As one opening batsman from Essex took a significant step towards international rehabilitation yesterday, he paid handsome tribute to one of his most illustrious predecessors. Alastair Cook made his 10th Test hundred for England and he made it clear that he might not have done so without the guidance of Graham Gooch, a player who scored twice as many.
Cook had gone eight innings for England without a fifty and his game, if not going backwards, was standing still. At the end of the last English season following a disappointing Ashes series he and Gooch decided to rebuild his batting method.
"We had three sessions of an hour and a half each week," said Cook. "He worked as hard as me at changing my technique and we worked on trigger movement, backlift and alignment. There was quite a chance to experiment at the end of the summer but it is not the finished article yet, there's a long way to go."
Nobody can have been more pleased than Cook when his mentor arrived in South Africa at the start of this series. It gave them an opportunity to supplement the groundwork they had already done.
For the first hour of self-denial yesterday, Cook must have wondered whether to ditch the new method and go back to the old style as South Africa continually deprived him of scoring opportunities.
He refused to co-operate and alternatively, it seemed, left and defended. If Cook was under pressure for his place – and the selectors must have been beginning to consider potential replacements – he did not admit to it.

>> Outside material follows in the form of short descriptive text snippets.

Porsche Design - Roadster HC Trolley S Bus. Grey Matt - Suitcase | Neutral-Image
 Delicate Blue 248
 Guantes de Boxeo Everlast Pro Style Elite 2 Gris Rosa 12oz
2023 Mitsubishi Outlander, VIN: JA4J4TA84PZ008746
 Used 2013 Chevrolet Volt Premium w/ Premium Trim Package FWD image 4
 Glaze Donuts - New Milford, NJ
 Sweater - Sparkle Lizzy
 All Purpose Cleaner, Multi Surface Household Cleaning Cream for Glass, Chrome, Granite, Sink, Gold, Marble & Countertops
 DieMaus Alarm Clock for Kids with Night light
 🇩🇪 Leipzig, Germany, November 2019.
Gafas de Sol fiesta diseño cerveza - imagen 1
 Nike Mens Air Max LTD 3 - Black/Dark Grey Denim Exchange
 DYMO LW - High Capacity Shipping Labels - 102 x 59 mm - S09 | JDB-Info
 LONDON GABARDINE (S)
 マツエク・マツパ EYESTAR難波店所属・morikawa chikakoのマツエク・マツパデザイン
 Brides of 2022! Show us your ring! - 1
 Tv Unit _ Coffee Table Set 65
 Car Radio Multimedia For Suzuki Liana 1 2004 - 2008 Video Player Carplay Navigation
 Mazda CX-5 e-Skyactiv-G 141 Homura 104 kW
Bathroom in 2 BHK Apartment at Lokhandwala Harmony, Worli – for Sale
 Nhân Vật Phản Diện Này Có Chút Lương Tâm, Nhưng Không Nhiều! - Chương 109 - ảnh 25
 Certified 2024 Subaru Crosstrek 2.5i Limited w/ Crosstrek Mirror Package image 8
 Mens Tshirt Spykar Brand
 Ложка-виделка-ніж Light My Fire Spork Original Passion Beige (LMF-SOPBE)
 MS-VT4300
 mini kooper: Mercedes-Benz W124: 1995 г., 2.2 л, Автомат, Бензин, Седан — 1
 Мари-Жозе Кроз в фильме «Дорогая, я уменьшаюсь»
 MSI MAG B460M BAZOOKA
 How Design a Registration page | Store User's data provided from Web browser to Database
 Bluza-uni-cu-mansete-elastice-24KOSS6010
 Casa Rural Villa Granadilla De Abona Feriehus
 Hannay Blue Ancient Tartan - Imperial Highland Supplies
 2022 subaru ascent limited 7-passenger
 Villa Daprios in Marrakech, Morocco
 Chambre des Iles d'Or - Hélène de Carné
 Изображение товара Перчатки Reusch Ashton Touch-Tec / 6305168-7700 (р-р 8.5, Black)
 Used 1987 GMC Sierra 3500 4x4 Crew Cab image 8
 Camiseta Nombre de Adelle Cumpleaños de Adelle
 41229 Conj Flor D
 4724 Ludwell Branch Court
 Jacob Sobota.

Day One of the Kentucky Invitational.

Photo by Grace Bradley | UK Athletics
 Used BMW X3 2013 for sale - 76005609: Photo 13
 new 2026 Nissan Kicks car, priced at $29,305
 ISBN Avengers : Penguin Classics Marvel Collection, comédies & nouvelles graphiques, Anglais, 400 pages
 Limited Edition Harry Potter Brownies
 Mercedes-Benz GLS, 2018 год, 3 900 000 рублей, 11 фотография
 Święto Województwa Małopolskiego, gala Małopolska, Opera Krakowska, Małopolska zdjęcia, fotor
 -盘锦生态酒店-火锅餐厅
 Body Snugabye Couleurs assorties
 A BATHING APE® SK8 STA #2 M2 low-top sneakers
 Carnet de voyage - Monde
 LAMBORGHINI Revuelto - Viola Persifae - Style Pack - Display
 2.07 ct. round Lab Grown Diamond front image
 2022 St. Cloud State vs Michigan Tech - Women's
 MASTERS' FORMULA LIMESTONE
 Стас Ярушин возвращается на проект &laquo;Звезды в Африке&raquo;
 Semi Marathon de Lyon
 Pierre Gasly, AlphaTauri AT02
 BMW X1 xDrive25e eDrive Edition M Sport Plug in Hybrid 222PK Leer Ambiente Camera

"It's not so much that I've been feeling pressure, more that the side has been playing well and I haven't been contributing," he said. The combination goes hand in glove, of course.
Cook batted for nearly seven hours for his 118, a model of concentration and determination to play to his strengths. It was, he said, right up there with any of his previous nine hundreds, four of which have been against the West Indies.
Mickey Arthur, South Africa's coach, said: "He batted really well and he deserve his hundred. Our bowlers did much better than they had at the top of England's innings. We always talk about investment sessions and we had that after tea. I'll be very happy if we can restrict England to a lead of between 120 and 150." Anything more and South Africa will be in bigger trouble.